Rather than hoping borrowers will be responsible and save over time to pay for property taxes and insurance, lenders generally divide the annual cost by 12 and require homeowners to pay that extra as part of their mortgage payment each month. The money is then put into an escrow account where it sits and waits. When the property tax bill or insurance bills come, the lender will take care of paying them for you rather than you having to do it directly.
To understand how this works, say you have a monthly principal and interest cost of $2,000. This would obviously be part of your monthly payment. But if your property taxes were $5,000 per year and your insurance cost another $1,000, then lenders would divide this $6,000 by 12 months and add $500 onto your required monthly payment.
Your total monthly check you send to your lender would be $2,500 — $500 of which was put into an escrow account to pay your other housing bills.
If you do not want your required monthly payment to be higher to force you to save over time for property taxes and insurance, you may have the option to waive escrow.
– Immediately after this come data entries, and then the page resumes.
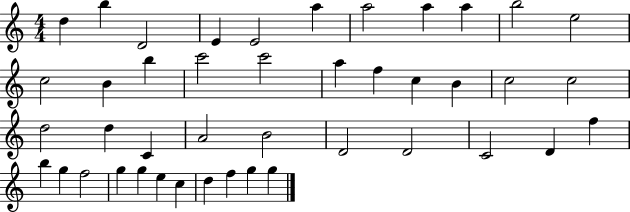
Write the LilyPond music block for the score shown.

{
  \clef treble
  \numericTimeSignature
  \time 4/4
  \key c \major
  d''4 b''4 d'2 | e'4 e'2 a''4 | a''2 a''4 a''4 | b''2 e''2 | \break c''2 b'4 b''4 | c'''2 c'''2 | a''4 f''4 c''4 b'4 | c''2 c''2 | \break d''2 d''4 c'4 | a'2 b'2 | d'2 d'2 | c'2 d'4 f''4 | \break b''4 g''4 f''2 | g''4 g''4 e''4 c''4 | d''4 f''4 g''4 g''4 | \bar "|."
} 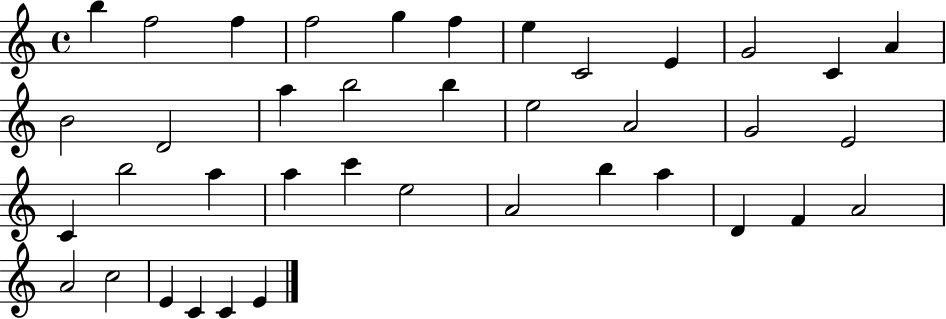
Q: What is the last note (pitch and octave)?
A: E4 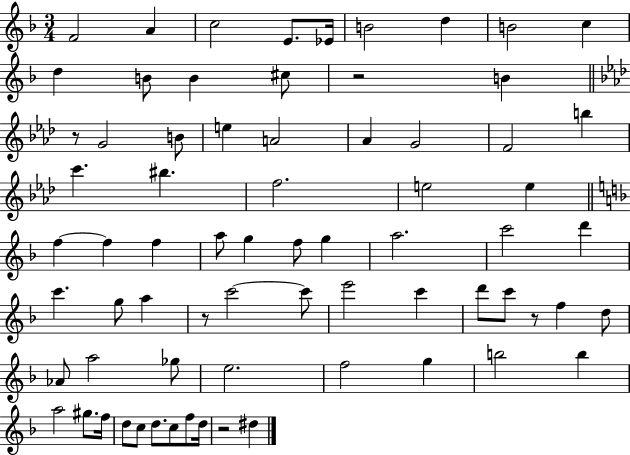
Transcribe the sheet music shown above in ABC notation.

X:1
T:Untitled
M:3/4
L:1/4
K:F
F2 A c2 E/2 _E/4 B2 d B2 c d B/2 B ^c/2 z2 B z/2 G2 B/2 e A2 _A G2 F2 b c' ^b f2 e2 e f f f a/2 g f/2 g a2 c'2 d' c' g/2 a z/2 c'2 c'/2 e'2 c' d'/2 c'/2 z/2 f d/2 _A/2 a2 _g/2 e2 f2 g b2 b a2 ^g/2 f/4 d/2 c/2 d/2 c/2 f/2 d/4 z2 ^d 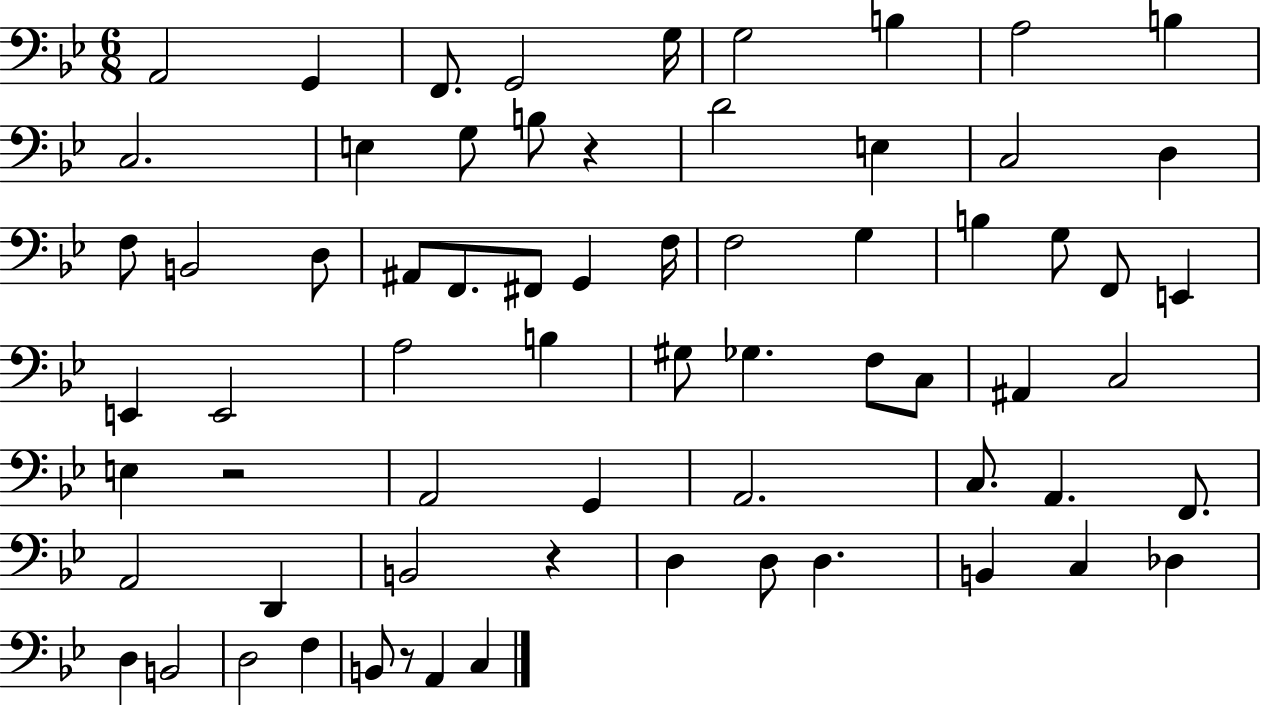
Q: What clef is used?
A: bass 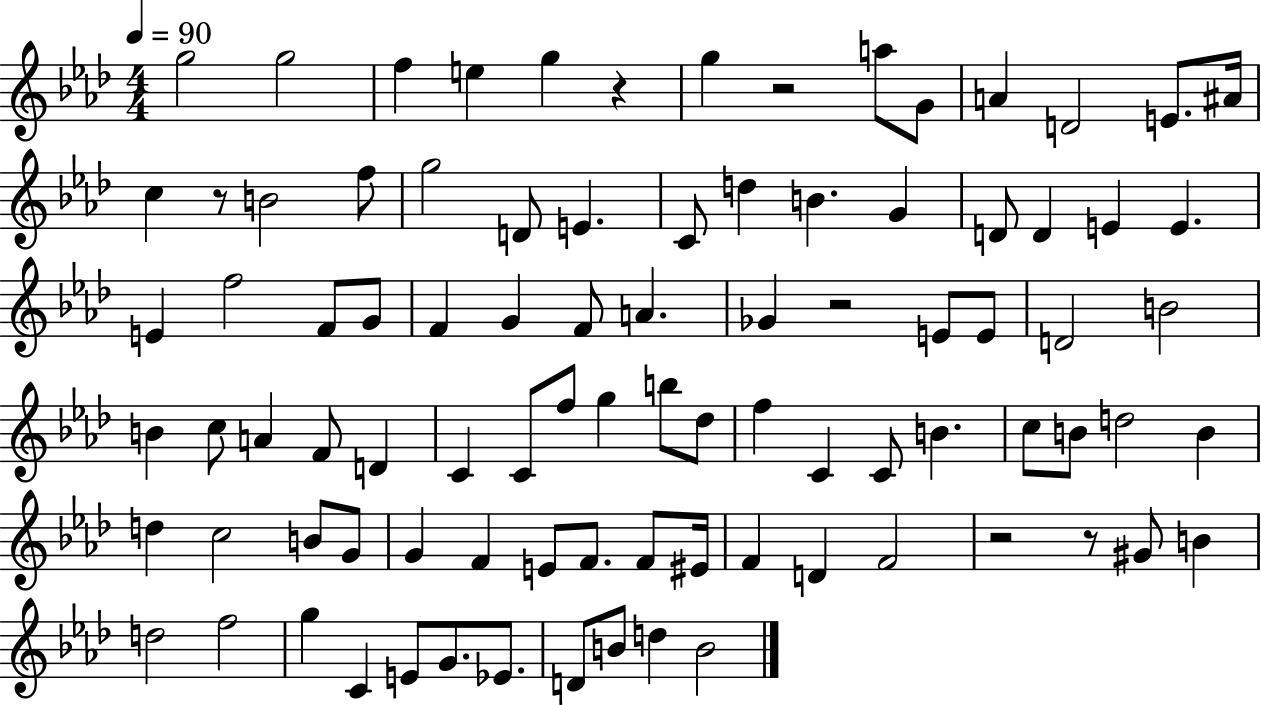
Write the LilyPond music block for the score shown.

{
  \clef treble
  \numericTimeSignature
  \time 4/4
  \key aes \major
  \tempo 4 = 90
  g''2 g''2 | f''4 e''4 g''4 r4 | g''4 r2 a''8 g'8 | a'4 d'2 e'8. ais'16 | \break c''4 r8 b'2 f''8 | g''2 d'8 e'4. | c'8 d''4 b'4. g'4 | d'8 d'4 e'4 e'4. | \break e'4 f''2 f'8 g'8 | f'4 g'4 f'8 a'4. | ges'4 r2 e'8 e'8 | d'2 b'2 | \break b'4 c''8 a'4 f'8 d'4 | c'4 c'8 f''8 g''4 b''8 des''8 | f''4 c'4 c'8 b'4. | c''8 b'8 d''2 b'4 | \break d''4 c''2 b'8 g'8 | g'4 f'4 e'8 f'8. f'8 eis'16 | f'4 d'4 f'2 | r2 r8 gis'8 b'4 | \break d''2 f''2 | g''4 c'4 e'8 g'8. ees'8. | d'8 b'8 d''4 b'2 | \bar "|."
} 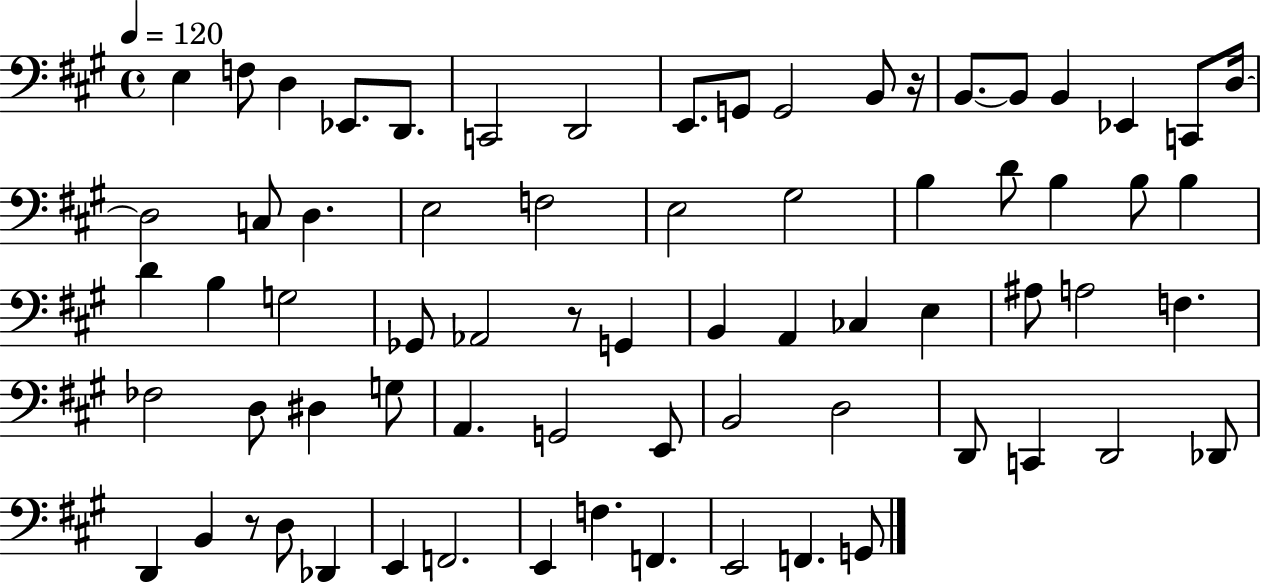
{
  \clef bass
  \time 4/4
  \defaultTimeSignature
  \key a \major
  \tempo 4 = 120
  e4 f8 d4 ees,8. d,8. | c,2 d,2 | e,8. g,8 g,2 b,8 r16 | b,8.~~ b,8 b,4 ees,4 c,8 d16~~ | \break d2 c8 d4. | e2 f2 | e2 gis2 | b4 d'8 b4 b8 b4 | \break d'4 b4 g2 | ges,8 aes,2 r8 g,4 | b,4 a,4 ces4 e4 | ais8 a2 f4. | \break fes2 d8 dis4 g8 | a,4. g,2 e,8 | b,2 d2 | d,8 c,4 d,2 des,8 | \break d,4 b,4 r8 d8 des,4 | e,4 f,2. | e,4 f4. f,4. | e,2 f,4. g,8 | \break \bar "|."
} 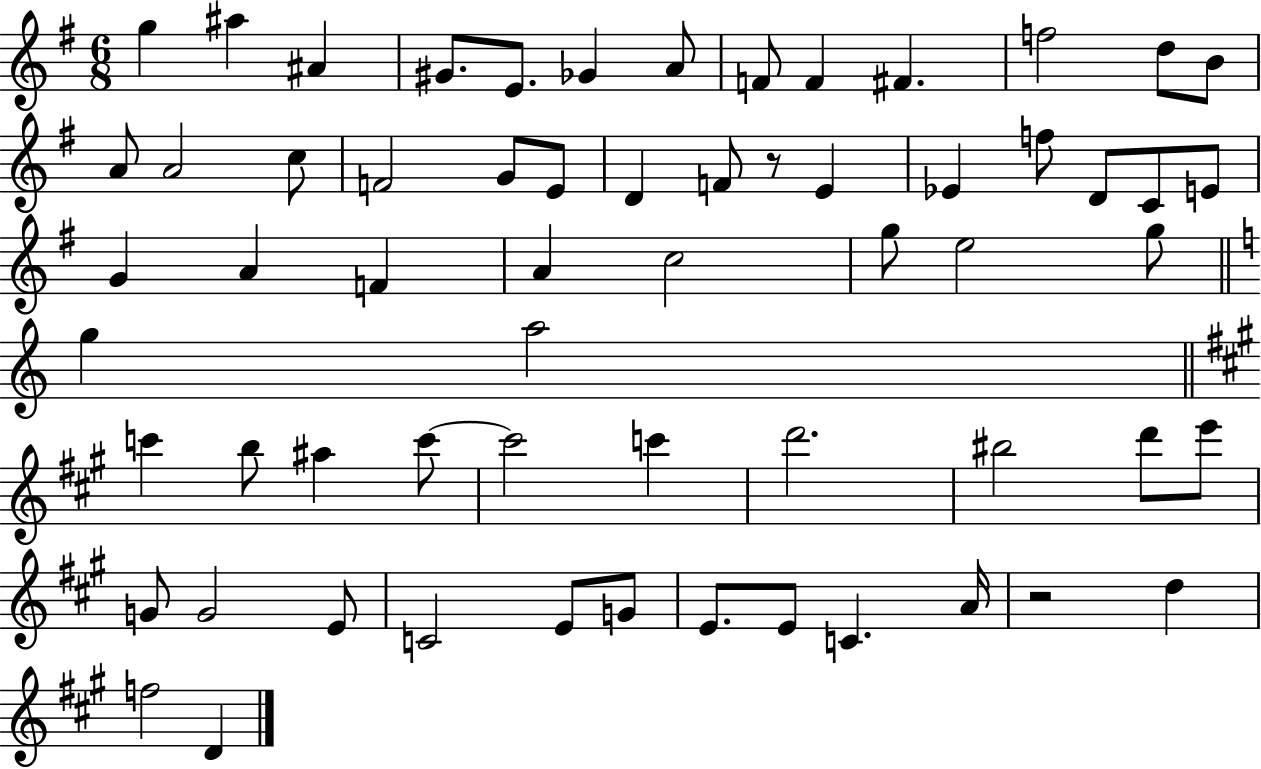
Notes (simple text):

G5/q A#5/q A#4/q G#4/e. E4/e. Gb4/q A4/e F4/e F4/q F#4/q. F5/h D5/e B4/e A4/e A4/h C5/e F4/h G4/e E4/e D4/q F4/e R/e E4/q Eb4/q F5/e D4/e C4/e E4/e G4/q A4/q F4/q A4/q C5/h G5/e E5/h G5/e G5/q A5/h C6/q B5/e A#5/q C6/e C6/h C6/q D6/h. BIS5/h D6/e E6/e G4/e G4/h E4/e C4/h E4/e G4/e E4/e. E4/e C4/q. A4/s R/h D5/q F5/h D4/q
This would mean you opt out and agree to just pay the tax and insurance bills yourself rather than sending extra money to your lender — who then turns around and gives it to the insurer or county assessing the property tax.
Many banks charge a fee for opting out of escrow or impose strict requirements for who is eligible to do so because they want to make sure you actually pay your premiums and tax bill as promised. But it may be worth paying this if you want to cover your premiums and property taxes on your own terms rather than sending a lender money each month to put toward them.
Just remember, though, that if you waive escrow, you absolutely must be sure to pay your bills — so you may want to save in your own account throughout the year to do so.